Dealing with views and cuda array wrappers

I’m working with an array wrapper that uses a CuArray under the hood. When I try to @view into it, I get a complicated SubArray that calls the Base.fill!() routine rather than the Cuda.fill!() routine (i.e. it’s scalar indexing). Here’s the type:

my_array::SubArray{Float32, 2, MyWrapper{Float32, 2, CuArray{Float32, 2, CUDA.Mem.DeviceBuffer}, 2}, Tuple{UnitRange{Int64}, UnitRange{Int64}}, false}, x::Int64)

(the view is not contiguous)

I’m seeing that the compiler sometimes has trouble dispatching if there are “too many” wrapper types.

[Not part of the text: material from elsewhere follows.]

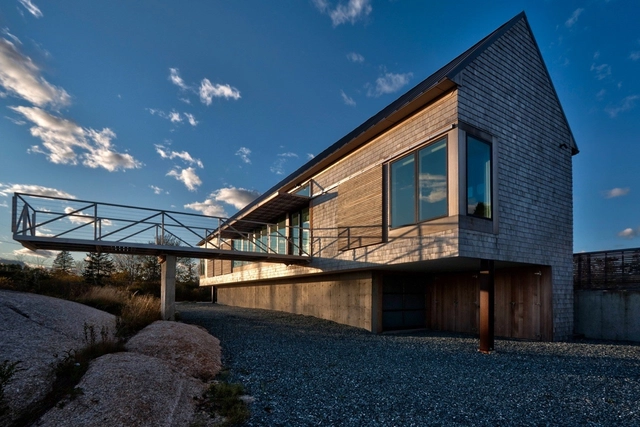 Corea Harbor House / Norelius Studio - Houses, Facade, Handrail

What’s the canonical way to get around this (other than to abandon my wrapper)? I’ve got Adapt.jl set up with my wrapper (i.e. I overloaded adapt_structure), and it seems to work fine. Are there additional methods (e.g. from Base) that I could overload to help the compiler out?

Thanks!

Unfortunately, unless the view is contiguous you won’t be able to easily avoid scalar indexing.

Ideally, you would want to be operating on contiguous arrays on the GPU: it’s simpler and will take much more advantage of the power of the GPU. Can you rewrite your algorithm to perhaps materialise the view on the GPU as a contiguous array?

One hacky alternative: if the view is defined by a bitmask, you could send both the original array and the bit mask to the GPU and perform operations over both, e.g. something like (not tested)

values = CUDA.rand(1000)
bitmask = CUDA.rand(Bool, 1000)

# Perform some op only on valid entries
map!(values, values, bitmask) do (val, flag)
    return flag ? f(val) : val
end

Thank you, @torrance!

Can you rewrite your algorithm to perhaps materialise the view on the GPU as a contiguous array?

Good question. Ultimately I’d like to be doing some halo exchanges. These halos, as you probably know, consist of “boundary elements” surrounding the array. So they aren’t contiguous, but they are strided. Perhaps there’s a clever way I can leverage that structure?

if the view is defined by a bitmask, you could send both the original array and the bit mask to the GPU and perform operations over bot

Interesting idea! Thank you!